● EXERCISE OBJECTIVE:
Report, as a bare number, how many lines in the data contain "quick".

● RECORDS TO USE:
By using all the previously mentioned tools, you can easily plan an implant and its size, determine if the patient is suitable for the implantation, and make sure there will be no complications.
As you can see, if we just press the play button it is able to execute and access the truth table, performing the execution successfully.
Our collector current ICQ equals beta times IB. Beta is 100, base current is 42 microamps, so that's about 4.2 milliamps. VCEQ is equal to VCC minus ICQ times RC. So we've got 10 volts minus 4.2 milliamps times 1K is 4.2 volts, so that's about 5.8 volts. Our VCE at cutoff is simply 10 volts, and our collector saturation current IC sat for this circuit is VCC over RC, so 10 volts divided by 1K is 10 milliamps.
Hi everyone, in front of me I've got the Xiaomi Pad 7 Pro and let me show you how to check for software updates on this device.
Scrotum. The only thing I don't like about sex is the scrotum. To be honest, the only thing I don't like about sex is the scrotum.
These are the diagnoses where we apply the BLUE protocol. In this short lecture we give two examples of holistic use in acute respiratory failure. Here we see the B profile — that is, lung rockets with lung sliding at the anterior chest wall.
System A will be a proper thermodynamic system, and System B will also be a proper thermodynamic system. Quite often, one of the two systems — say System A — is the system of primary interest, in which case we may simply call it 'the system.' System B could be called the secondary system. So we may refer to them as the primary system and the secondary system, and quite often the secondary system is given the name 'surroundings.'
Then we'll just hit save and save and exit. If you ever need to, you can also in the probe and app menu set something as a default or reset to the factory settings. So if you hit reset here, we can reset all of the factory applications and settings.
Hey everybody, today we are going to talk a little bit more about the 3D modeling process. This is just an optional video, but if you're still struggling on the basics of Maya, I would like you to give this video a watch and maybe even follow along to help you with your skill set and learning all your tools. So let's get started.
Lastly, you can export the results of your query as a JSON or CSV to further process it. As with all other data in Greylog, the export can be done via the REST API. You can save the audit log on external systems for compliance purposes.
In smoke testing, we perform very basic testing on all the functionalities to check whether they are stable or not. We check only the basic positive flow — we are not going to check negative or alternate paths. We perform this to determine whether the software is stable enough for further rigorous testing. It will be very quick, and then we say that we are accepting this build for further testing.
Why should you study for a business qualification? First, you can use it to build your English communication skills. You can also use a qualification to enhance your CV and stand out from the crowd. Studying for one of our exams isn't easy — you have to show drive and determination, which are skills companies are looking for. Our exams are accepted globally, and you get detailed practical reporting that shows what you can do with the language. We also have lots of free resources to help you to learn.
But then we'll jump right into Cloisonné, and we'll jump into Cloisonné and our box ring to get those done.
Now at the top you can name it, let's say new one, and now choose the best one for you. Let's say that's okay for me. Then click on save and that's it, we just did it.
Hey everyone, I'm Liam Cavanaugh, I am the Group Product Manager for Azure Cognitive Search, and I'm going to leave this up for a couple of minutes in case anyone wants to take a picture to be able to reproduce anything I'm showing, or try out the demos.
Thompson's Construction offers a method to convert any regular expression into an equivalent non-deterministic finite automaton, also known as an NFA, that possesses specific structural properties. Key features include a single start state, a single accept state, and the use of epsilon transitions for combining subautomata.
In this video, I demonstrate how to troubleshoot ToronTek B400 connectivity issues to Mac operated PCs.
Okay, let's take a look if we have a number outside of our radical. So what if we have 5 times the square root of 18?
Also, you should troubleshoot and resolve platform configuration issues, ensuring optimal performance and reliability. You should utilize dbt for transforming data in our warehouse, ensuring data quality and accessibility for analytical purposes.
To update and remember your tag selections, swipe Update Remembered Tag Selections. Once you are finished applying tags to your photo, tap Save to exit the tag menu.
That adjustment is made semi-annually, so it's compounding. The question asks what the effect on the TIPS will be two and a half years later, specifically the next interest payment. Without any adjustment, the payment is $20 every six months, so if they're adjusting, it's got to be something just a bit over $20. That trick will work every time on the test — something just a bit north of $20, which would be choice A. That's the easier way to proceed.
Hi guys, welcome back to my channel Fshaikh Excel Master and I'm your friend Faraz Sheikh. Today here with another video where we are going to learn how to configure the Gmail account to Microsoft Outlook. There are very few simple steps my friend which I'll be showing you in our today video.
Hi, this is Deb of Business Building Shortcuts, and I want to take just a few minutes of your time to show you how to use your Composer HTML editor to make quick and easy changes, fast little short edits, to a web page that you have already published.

● ANSWER TO THE EXERCISE:
2